Message 237 of 306 (642179)
11-26-2011 11:33 AM
Reply to: Message 216 by purpledawn
11-22-2011 11:59 AM


Re: Universal or Local Flood?
Hello PurpleDawn,
The Torah is not an historical or science document and altough BFT seems to agree that the story should not be jammed into historical or scientific categories; he cannot seem to grasp the idea that the storytellers told stories concerning their culture and environment and not the planet.
...
BFT shared verses he could probably accept as describing a local event.
...
But he seems to think the local theme loses ground because of the next verses.
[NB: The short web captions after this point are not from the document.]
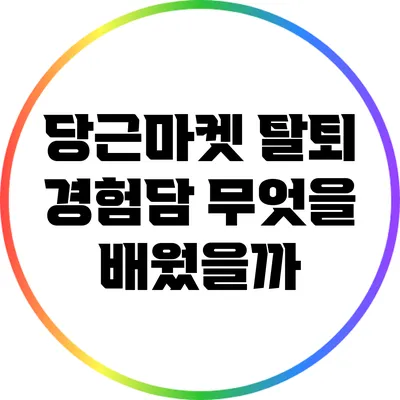 당근마켓 탈퇴 경험담: 무엇을 배웠을까?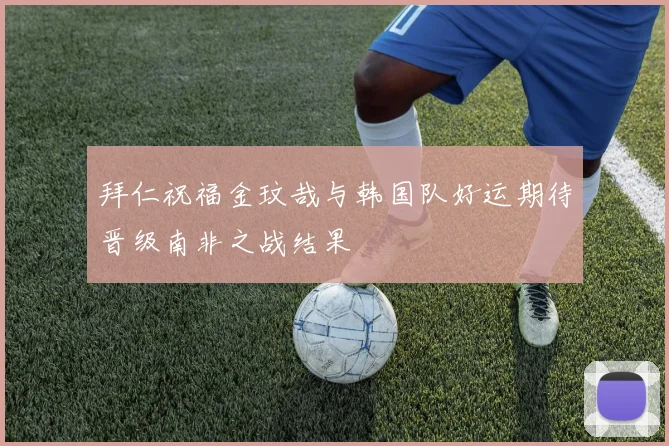 拜仁祝福金玟哉与韩国队好运期待晋级南非之战结果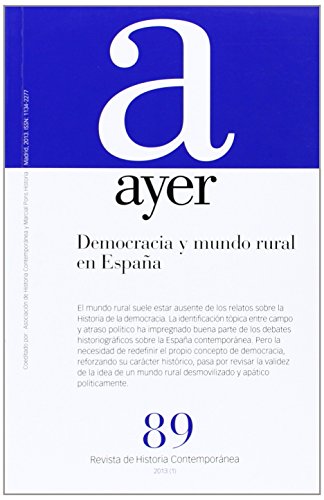 Imagen de archivo de DEMOCRACIA Y MUNDO RURAL EN ESPAA ("Ayer: Revista de Historia Contempornea" n 89) a la venta por KALAMO LIBROS, S.L.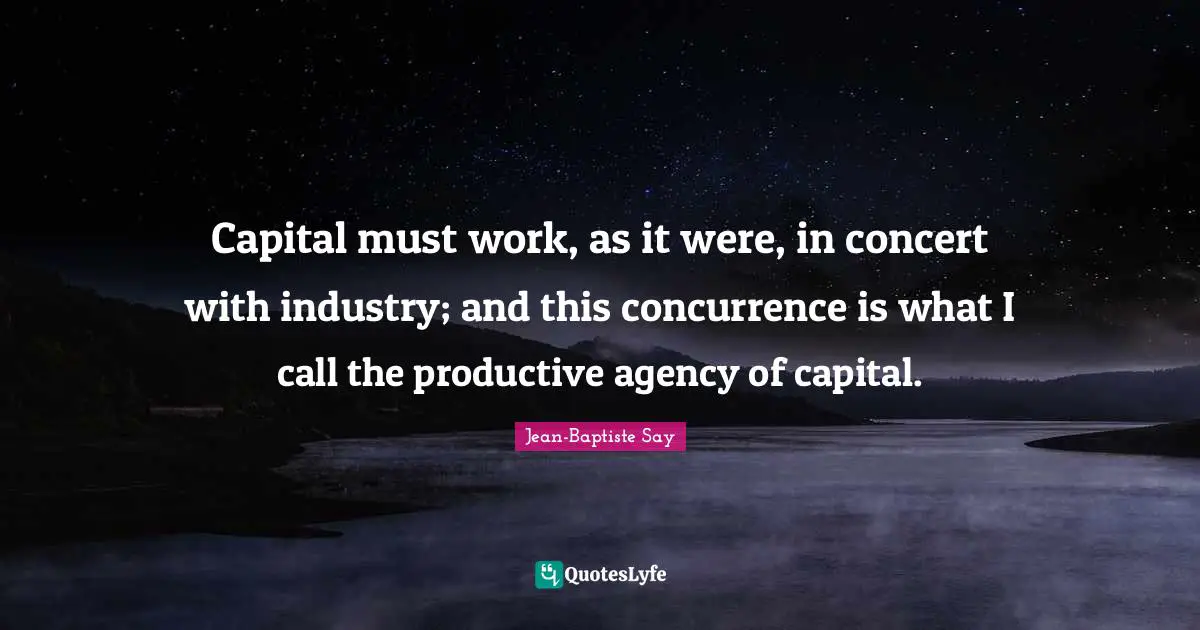 Capital must work, as it were, in concert with industry; and this concurrence is what I call the productive agency of capital.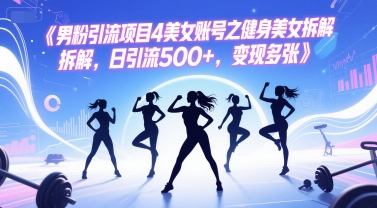 男粉引流项目4美女账号之健身美女拆解，日引流500+，变现多张-领学通
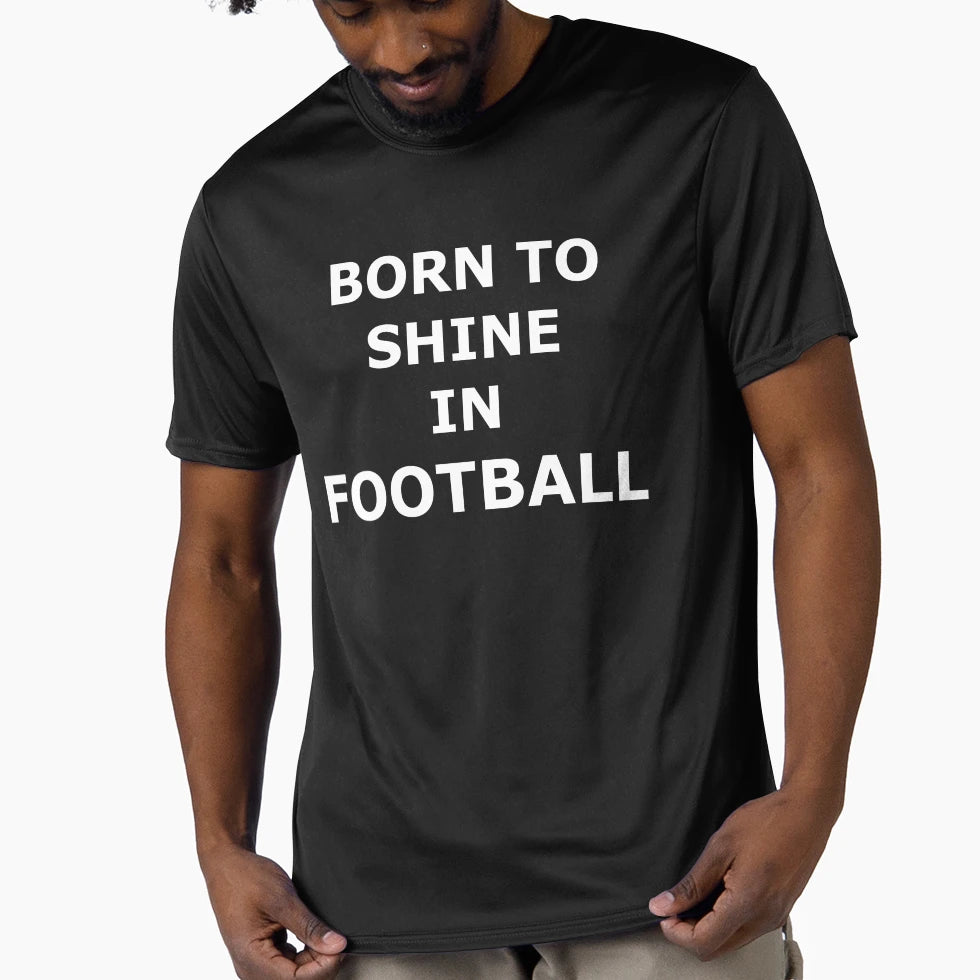 Football Shine Positive Text Sport T-Shirt - Trendy Graphic Unisex - T-Shirt, Sweatshirt, Hoodie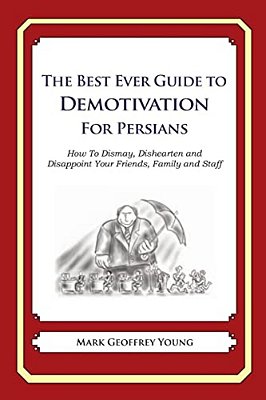 The Best Ever Guide To Demotivation For Persians: How To Dismay, Dishearten And Disappoint Your Friends, Family And Staff-..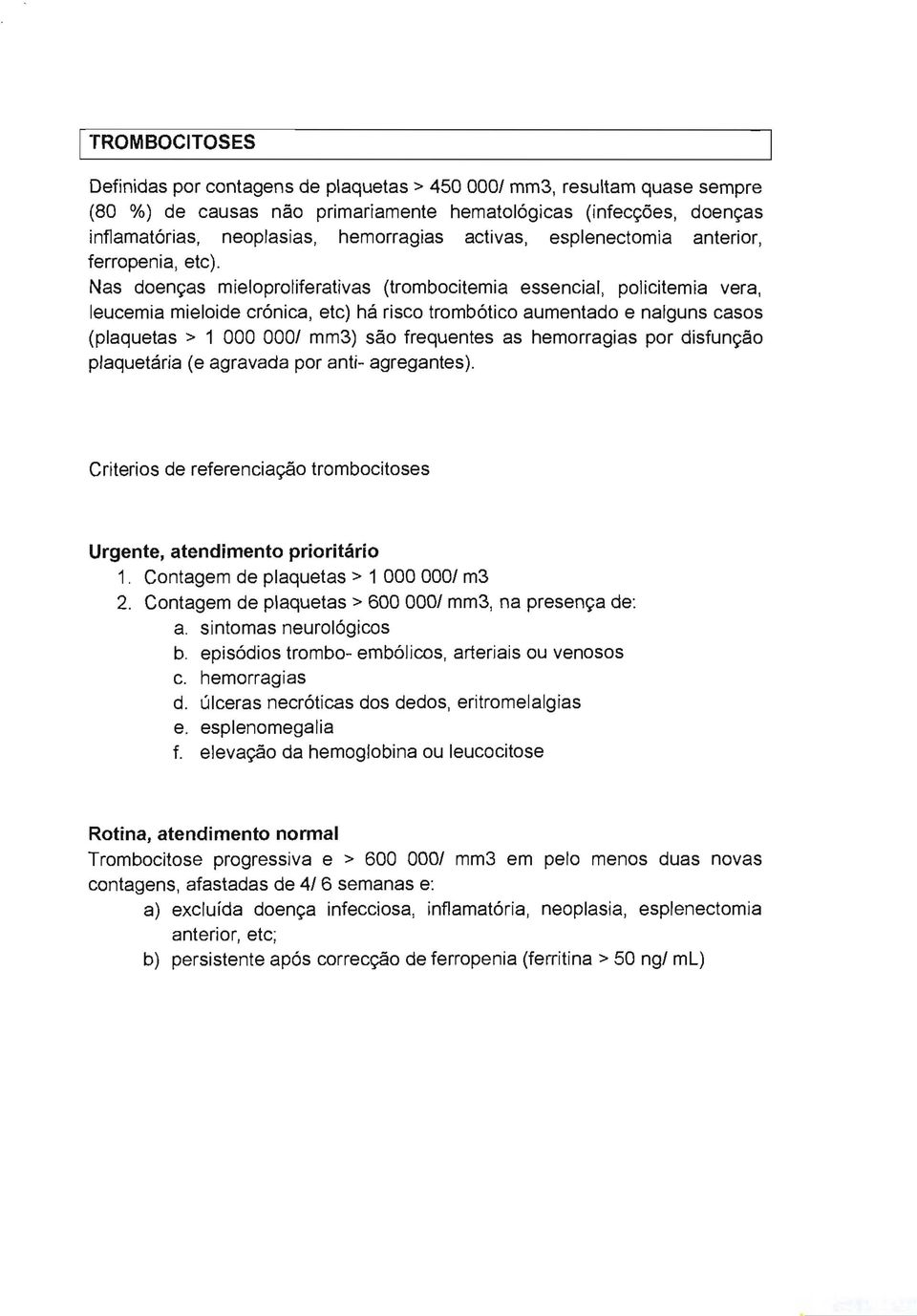 Nas doenr;as mieloproliferativas (trombocitemia essencial, policitemia vera, leucemia mieloide crónica, etc) há risco trombótico aumentado e nalguns casos (plaquetas> 1 000 0001 mm3) sao frequentes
Your comments regarding what I can and cannot grasp that you are referring have been taken out of context.
What you did not mention here is that I was making these comments while in conversation with IamJoseph.
The Torah is not an historical or science document...
Try telling that to IamJoseph. He has stated on many occasions that the Old Testament is a more historically and scientifically accurate text than any other text in existence. He claims that over 70% of the text has been proven accurate.
...and altough BFT seems to agree that the story should not be jammed into historical or scientific categories;...
This is my position.
...he cannot seem to grasp the idea that the storytellers told stories concerning their culture and environment and not the planet.
I fail to to grasp no such thing. You have made an assumption and your assumption is incorrect.
The conversation that I was having with IamJoseph has lead you to this assumption.
When it suits IamJoseph he states that the Old Testament text is written by Moses and divinely inspired by God. Quotes attributed to God can be taken as the exact word of God.
When it suits IamJoseph he states that the Old Testament was written by ignorant bronze age nomads and needs to be taken as such.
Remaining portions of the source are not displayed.